3. Commodities investors

Commodity prices track the inflation rate closely, says Greg McBride, CFA, Bankrate chief financial analyst. Buying storable commodities such as gold can be a good hedge against inflation.

Gold is a popular hedge against inflation, and investors have a variety of ways to buy and sell it. The shiny stuff has a long track record of being a store of value, but other commodities can be especially volatile as inflation ebbs and flows. And of course, not all commodities are created equal, so they respond differently in a given inflationary environment.

Inflation’s many losers

1. Savers

In an economy where inflation is rising quickly, interest rates rarely keep up, causing savers’ hard-earned dollars to gradually lose buying power, McBride says. He suggests one way CD savers can fight this trend.

“You don’t want to be locked in long term at a low rate of return only to see inflation go racing past you,” says McBride.

Yet with CD rates at a relative high point and inflation on the downswing, it could be an opportune moment to lock in medium-term CDs, especially if inflation returns to the Fed’s target.

2. Retirees

A high inflation rate often means wage increases, but that won’t benefit those who are retired, McBride says. Their pots of retirement money are already mostly fixed. Price pressures could further harm retirees’ wallets if they have too much exposure to cash or fixed-income investments, such as bonds.

“Higher inflation erodes the value of the savings that you have,” he says. “When inflation goes up, it tends to accelerate a lot faster than interest rates can keep up, so it erodes the buying power not only of your existing savings, but anybody who’s relying on interest income or investment income, like retirees.”

That said, Social Security does rise in response to inflation, offering some relief to retirees.

3. Investors in longer-term bonds

In a high-inflation environment, “it’s on the bond side where there’s a lot more trouble,” Thoma says. “If you’re living off coupon bond payments, for instance, you’re going to lose when there’s inflation.”

And not only do those bond payments buy less due to inflation, the price of the bonds themselves also declines as interest rates rise. So bondholders get hurt two ways.

McBride says bond investors can hedge against inflation by favoring shorter-term bonds and inflation-indexed bonds. One option for individual savers is Series I bonds – here’s how they work.

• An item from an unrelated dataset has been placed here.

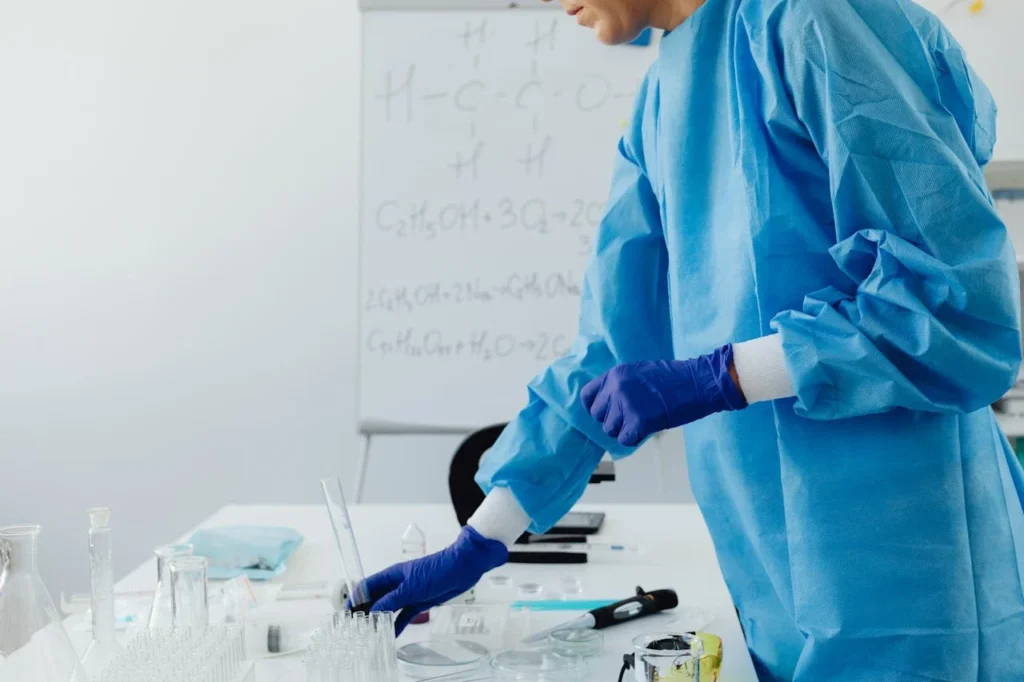 Professionnel de laboratoire manipulant des tubes à essai et des échantillons sur une paillasse, portant des gants et une tenue de protection.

4. Variable-rate mortgage holders

Homeowners with mortgage rates that aren’t fixed typically see their borrowing costs climb periodically along with the broader inflation in the economy, leading to larger payments and decreased affordability.

5. Credit card borrowers

Most credit cards have a variable interest rate tied to a major index, such as the prime rate. That means cardholders experience quickly climbing rates and higher payments in an inflationary environment. Every time the Fed ratchets up rates, rates on credit cards go along for the ride.

6. First-time homebuyers

McBride says people looking to save for their first home in the midst of a high inflation rate are confronted with quickly rising home prices, higher interest rates for mortgages and a relentless slide in the value of any money they’ve put away for a down payment.

It’s a triple whammy for those looking to get into their first home and move up a rung on the financial ladder.

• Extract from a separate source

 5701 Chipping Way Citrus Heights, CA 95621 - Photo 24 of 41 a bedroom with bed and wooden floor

Bottom line: Higher inflation can hurt the economy

Consumers and investors don’t have many places to hide from inflation, meaning it can pose dire consequences for the economy. The dollars that consumers have in their wallets can’t buy as much as they used to, meaning many people might decide to pull back on spending — especially if they don’t get a pay raise to counter higher prices. That could stifle demand, threatening business profitability and hiring.

Businesses and consumers are also getting hit by higher borrowing costs, as the Fed has rapidly raised interest rates. Higher borrowing costs make it more expensive to finance new businesses and homes, both of which are vital to a growing economy.

“If you look at periods of strong growth in U.S. history, the one constant has been a very modest rate of inflation over that time,” McBride says.